The guides have similar checklists with instructions that you've probably seen before, but the major ones bear repeating:
- Protect user accounts with strong passwords and change them regularly.
- Scrutinize e-mail attachments and links.
- Install and regularly update antivirus and antispyware software.
- Keep your operating system and applications current and patched.
- Set up and use a firewall.
Also included are items that you don't hear about as often but can also help to plug security holes:
- Remove unused user accounts and software.
- Regularly back up key data.
- Implement network access security.
- Limit access to sensitive information.
The router that connects your network to the outside world is the primary line of defense, and ordinarily it has its own firewall; current consumer routers typically have other security features, too, so you should read the manual to see which ones your router offers. One important step that many otherwise savvy users often neglect is to change the default administrative log-in settings so that an outsider can't easily alter all of the other settings. (Router vendors tend to use the same default settings for all their products.)
If you're using Wi-Fi, it's time to bite the bullet and use the best encryption available, WPA2. If you're hanging on to a laptop that doesn't support WPA2, either upgrade to one that does or resign yourself to disabling Wi-Fi completely and using a wired hookup. The same goes for smartphones: Current and recently issued handsets (including the iPhone) support WPA2, and you should abandon Wi-Fi on older handsets that don't.
Moving Up to Business Class
So what does a business-class router give you that a consumer one doesn't? The list varies, but features can include a more-robust firewall (with sophisticated software that can check to make sure data packets are what they purport to be), additional antivirus/antispyware/antispam protection, and business-friendly features such as VPN support (so that you can access your network remotely and securely, without exposing it to intruders), guest Internet access (so that visitors to your office can go online without gaining access to your internal network), and support for multiple broadband ISPs (for backup when one fails, or for load-balancing when all are functional).

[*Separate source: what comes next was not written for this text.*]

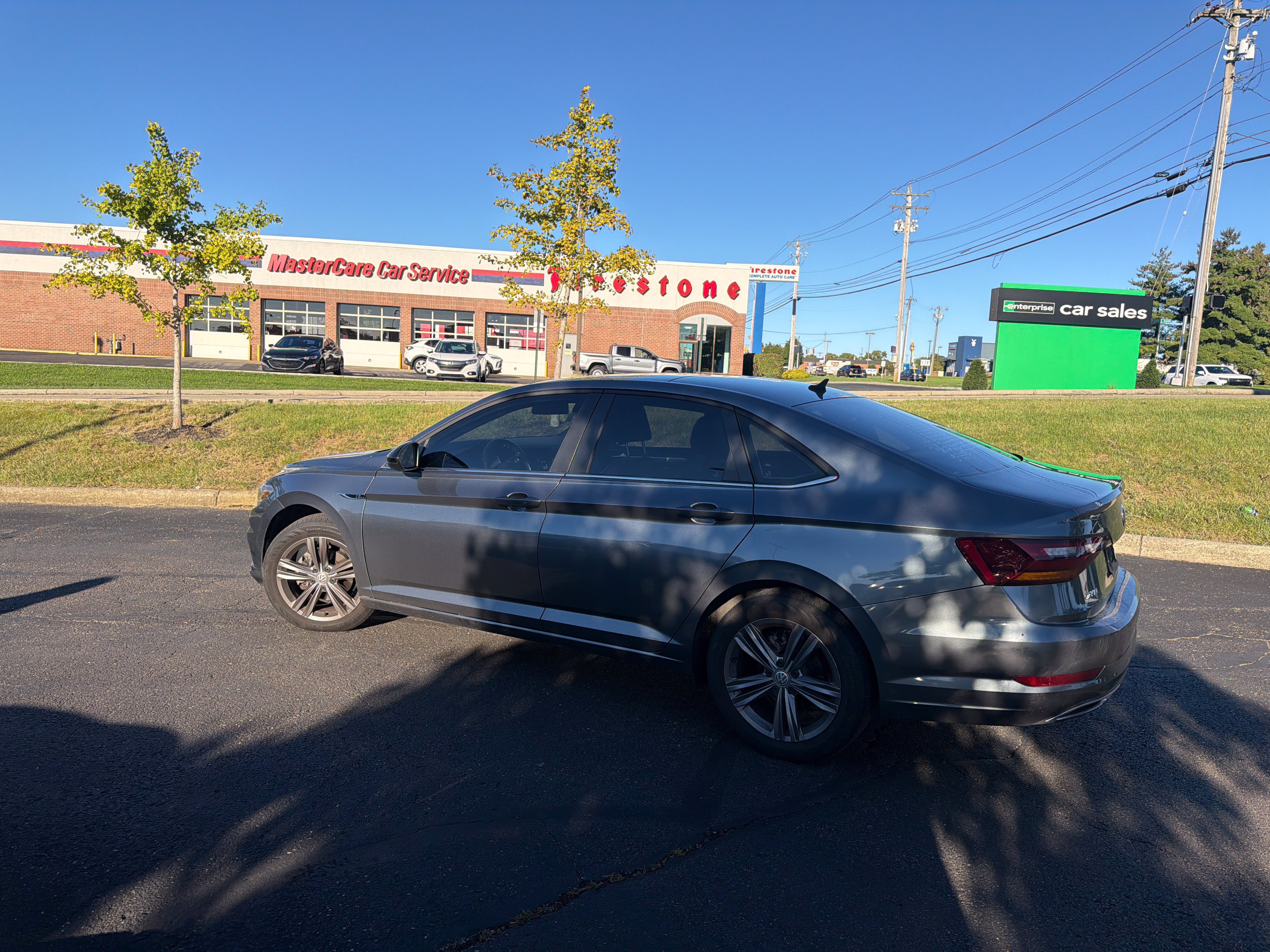 Used 2019 Volkswagen Jetta R-Line FWD image 4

A note on VPN support: This is a key feature of business-class routers, since so many people want to be able to access a network when they're at home or on the road. (Wouldn't you rather have remote staffers access corporate data inside your firewall than keep copies of files on a laptop they might lose?) Don't confuse VPN support on business hardware with the pass-through VPN support on many consumer routers, which is designed to let a home user connect to a corporate VPN; a business router creates the VPN itself. They don't have to cost a bundle: D-Link's DIR-130, for example, is an eight-port firewall router that lets you set up VPN access for up to 25 users (it doesn't, however, offer antivirus, antispam, or other business features).